(Captioned web image data)
Start of Block

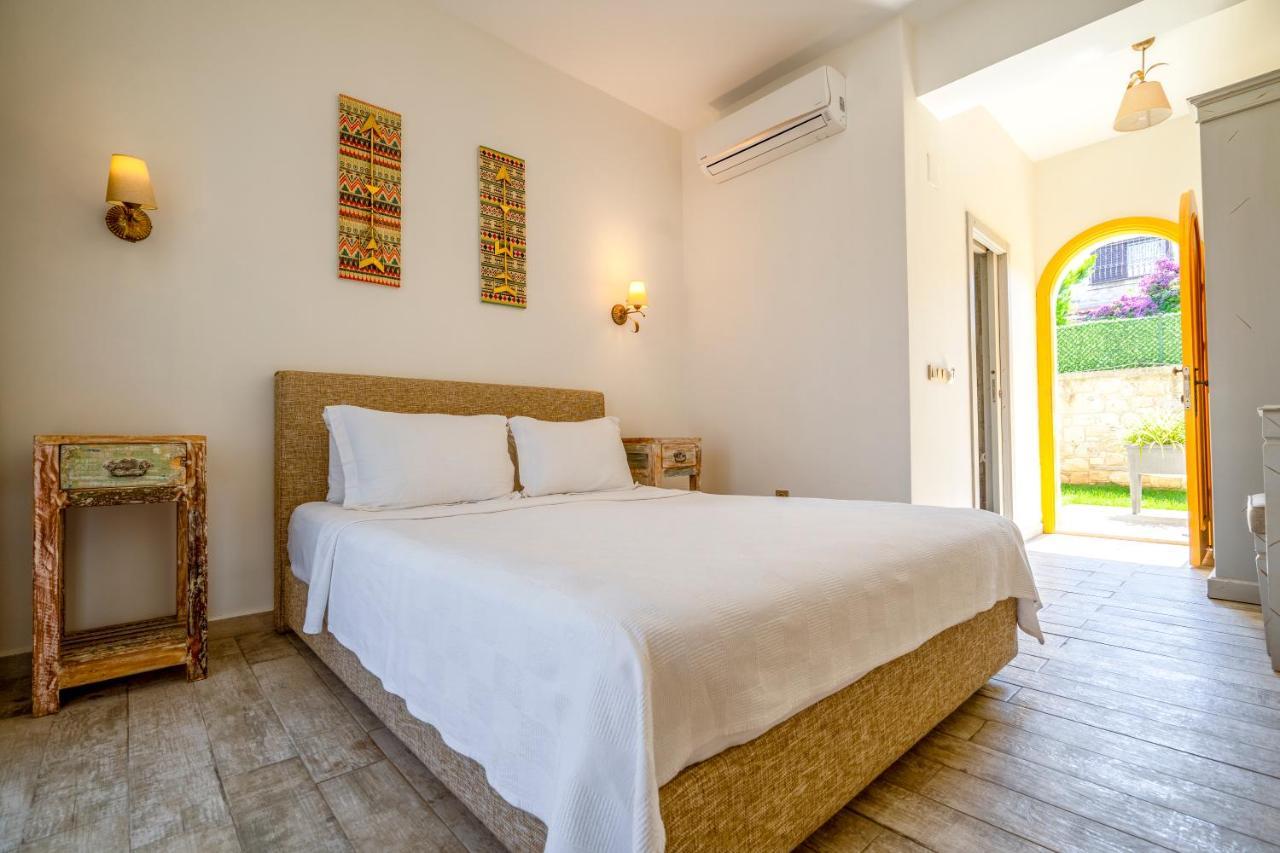 Çeşme Hotel De Gold Alacati מראה חיצוני תמונה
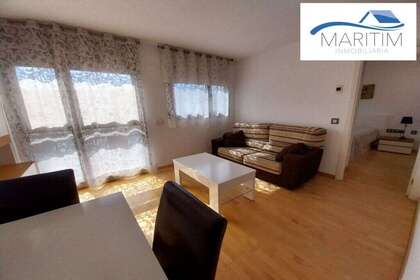 Flat for sale in Granollers, Barcelona. 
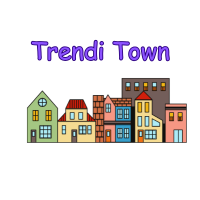 Trendi Town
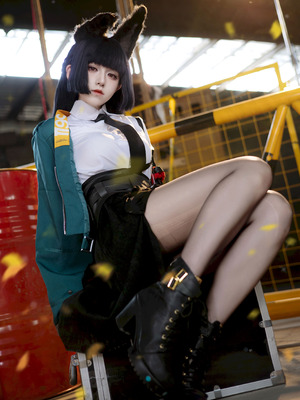 [双木扶苏] 星见雅（绝区零）_08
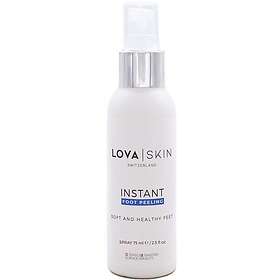 Instant LovaSkin Foot Peeling Spray 75ml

End of Block

* **The task**: Begin at the line containing "Trendi Town" and stop at the final line of the data. Retype those lines exactly, without the pictures.

* **Your solution**:
 Trendi Town
 [双木扶苏] 星见雅（绝区零）_08
 Instant LovaSkin Foot Peeling Spray 75ml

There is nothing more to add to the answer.